I have had the pleasure of sitting through most of the debate and hearing the many by and large excellent contributions from hon. Members on both sides of the House. I have enjoyed it tremendously in the run-up to the Government’s response to the Portas review. Of course, the debate has very much been spurred by the Mary Portas report, which was undertaken after the Prime Minister personally asked her to go out, look at what was happening in our town centres and high streets and make a series of proposals to make things better. There are 28 proposals in all, many of them quite detailed and many of which Members have touched on.

It has been fascinating to weigh up Members’ representations. As one Member suggested, it has been like an afternoon and evening of sitting through maiden speeches, because every Member mentioned every town and village in their constituency. It made the debate much more enjoyable.

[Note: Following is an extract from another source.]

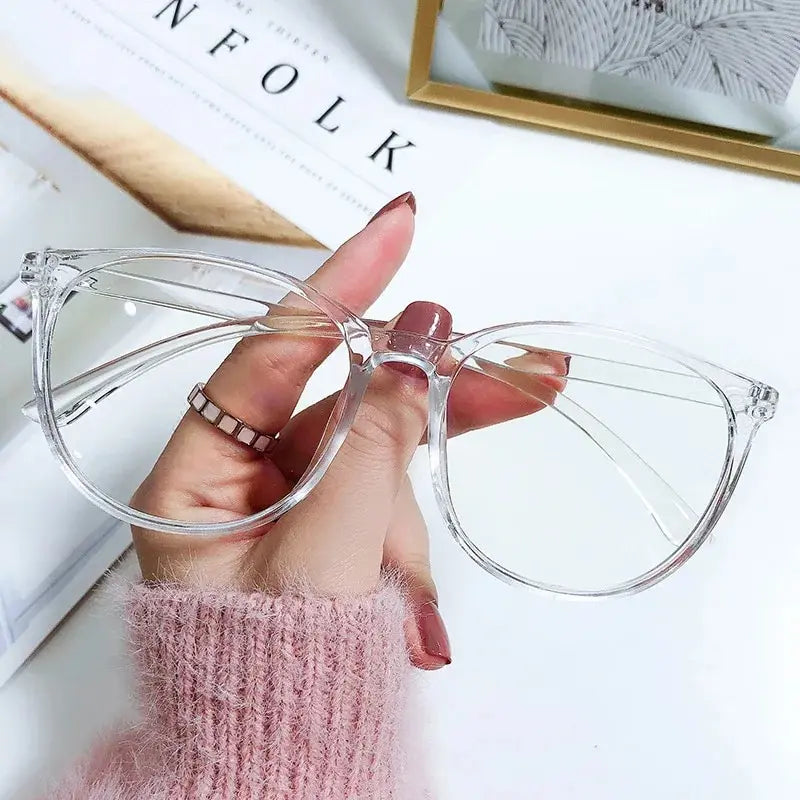 Transparent Blue Light Blocking Frame Computer Reading Glasses UV Eye Strain Readers for Women - UltraChic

I should, as everyone else seems to have done, declare an interest—one Member declared a disinterest—by saying that 21 years ago last month, I started my own retail shop, a print business, so I have had some experience in retail and found out how tough it can be on the high street. Among the many significant problems that retailers have to overcome can be intransigence from local authorities, which, it has to be said, have until now had almost no interest in business in their area, and particularly in the retail sector. Why? Well, retail businesses do not vote, and the local authority does not get to keep their money. One of the most important reforms, therefore, which Mary Portas mentions in the report, must be the localisation of business rates. I am delighted that that legislation is now going through the House. Speaking as that small shop owner, I know that it will be of considerable help to many people. Alongside that, of course, local authorities will have the ability to provide a discount on business rates if they choose to. The legislation will make that all the more easy.

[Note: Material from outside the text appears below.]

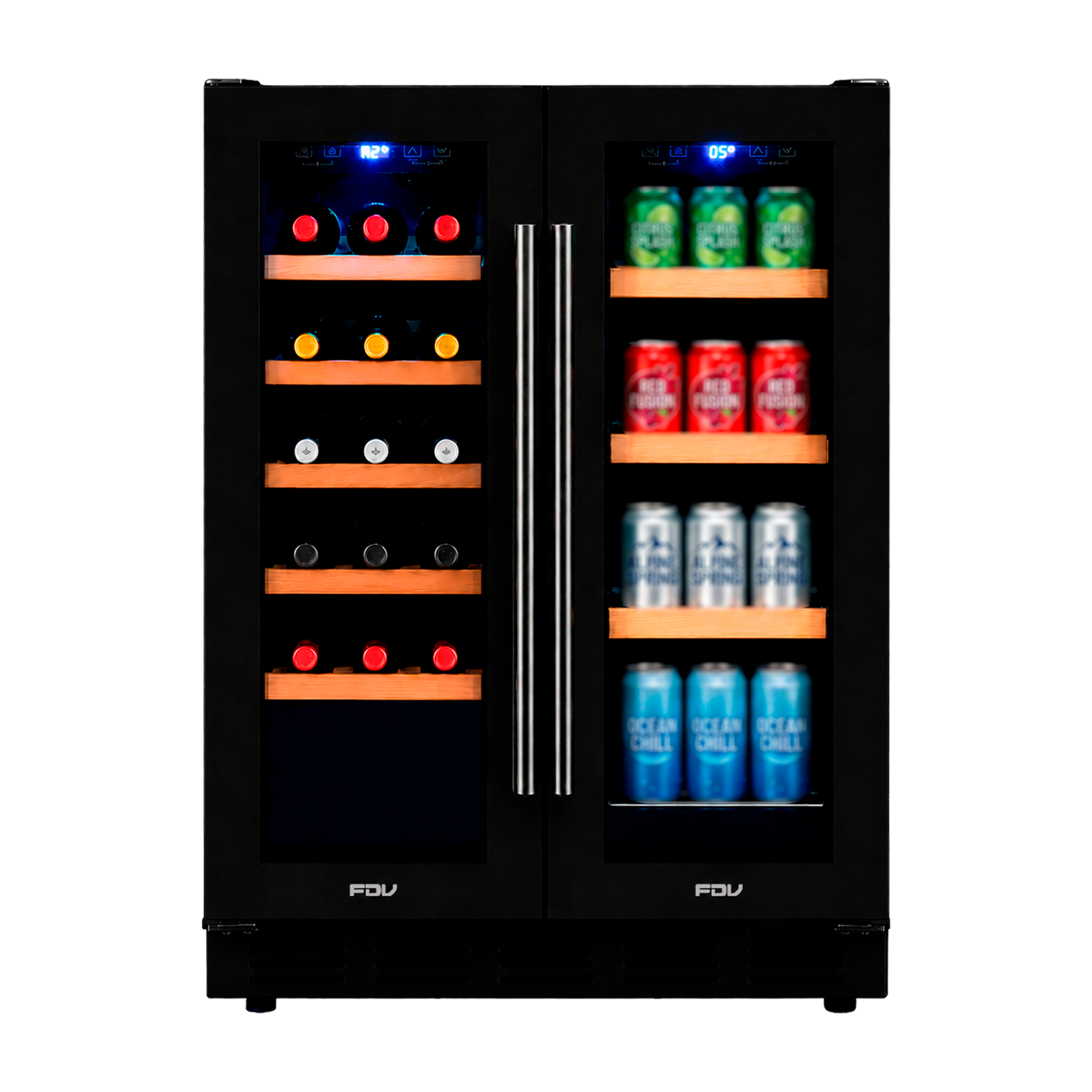 Cava de Vinos 20 Botellas + 50 Latas Dual Elite Black FDV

As I am speaking in this debate, it would be remiss of me not to mention that the wonderful town of Hatfield suffers greatly from the same problems that many Members have described. It was a new town, and so bright was its future when it was set up. Unfortunately, partly because of the situation that has been mentioned—the road and the cars were taken out of the town centre, and the life was sucked out of it—it has struggled to have a renaissance. As the Minister taking the response to the Portas review forward, I can assure right hon. and hon. Members that I have personal experience of a failing town centre that needs to be rescued. That is why I take many of the measures suggested in the review so much to heart.

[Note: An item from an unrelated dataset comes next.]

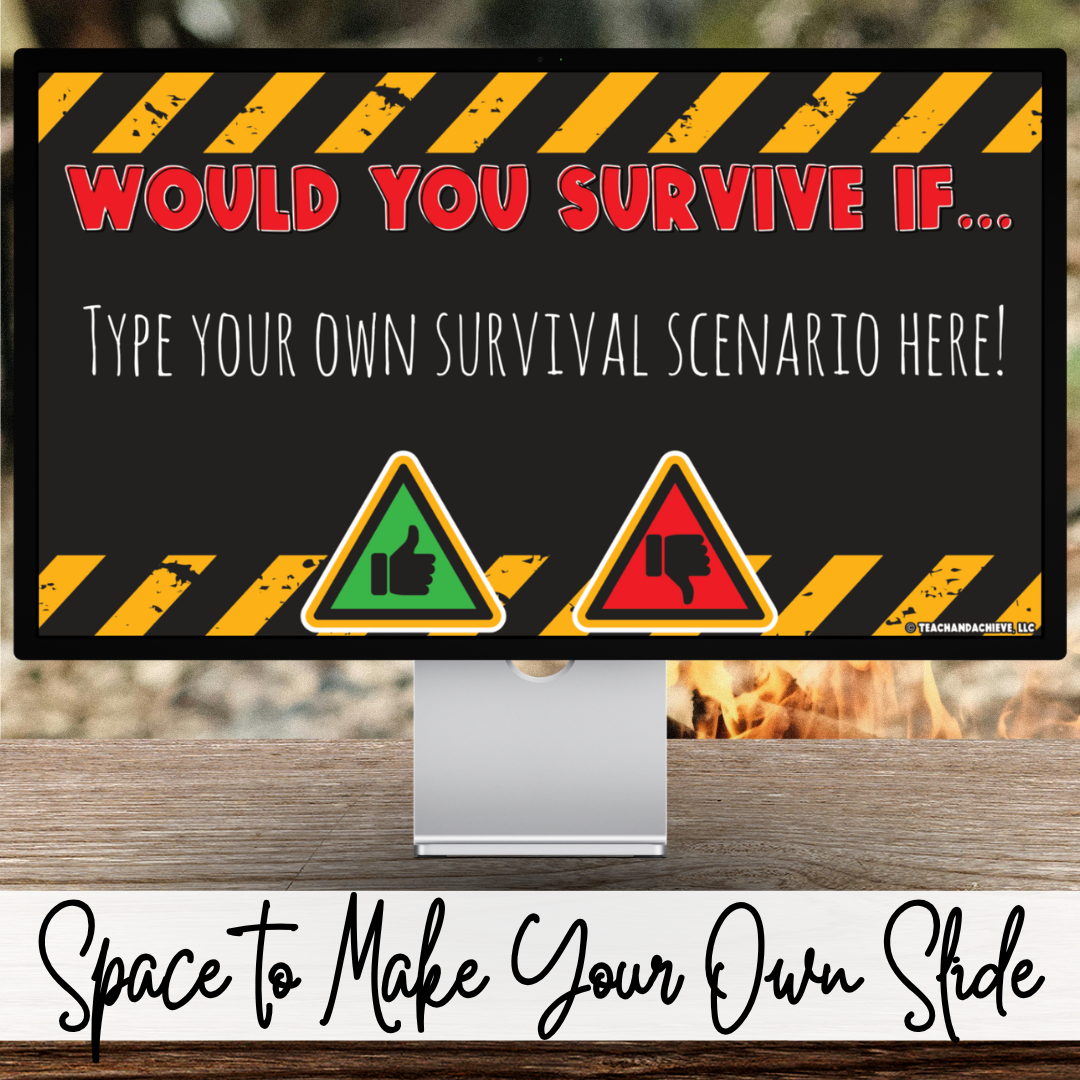 Back to School No-Prep Icebreaker Discussion Game "Would You Survive?" Community Building 3rd 4th 5th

Car parking was the No. 1 concern mentioned by Members in the 54 contributions. It is absolutely right, and in fact quite obvious, to say that in today’s society, when people either do not need to get into their car at all because they can simply click on something with a mouse to buy it or, if the option is available, as it now is in most parts of the country, drive to a shopping mall or shopping centre, an uncompetitive high street with high parking charges will always make a retail district suffer. It is absolutely essential, even in these incredibly tough times, for local authorities to appreciate that hammering the motorist visiting the local shops will not be the solution to the area’s problems, and certainly not to those of retailers. Everything comes back to the fact that in future, under the localisation of business rates, for the first time it will matter to local councillors that businesses survive and thrive, because the local business rates will be retained.

The second most-mentioned item in the debate was the Mary Portas concept of town teams. That is the idea that if people want to promote their town, they need to get together. That involves not just the usual suspects—the town centre manager and perhaps an interested local councillor—but everyone, from the retailers and landlords to the council, and most notably Members of Parliament, forming a town team and leading the debate. If I am enormously enthused about one thing in the debate, it is that so many Members—it must be said that I am referring mostly to Government Members, who have largely filled the House—spoke with enormous passion and made it clear that they intend to lead the debate in their local areas. That will do an awful lot of good.

Members, and particularly the shadow Minister, mentioned the “town centre first” policy. Government Members would be far more tempted to take lectures on different solutions for the town centre—or whatever this week’s soundbite is from Her Majesty’s Opposition—if Opposition Members actually attended the debate. There were significant periods when but one person—the shadow Secretary of State—sat on the Opposition Benches. I felt so sorry for him—he seemed so lonely—that I was tempted to join him. People in the country and retailers would take Opposition Members’ comments all the more seriously if they were expressed in this House.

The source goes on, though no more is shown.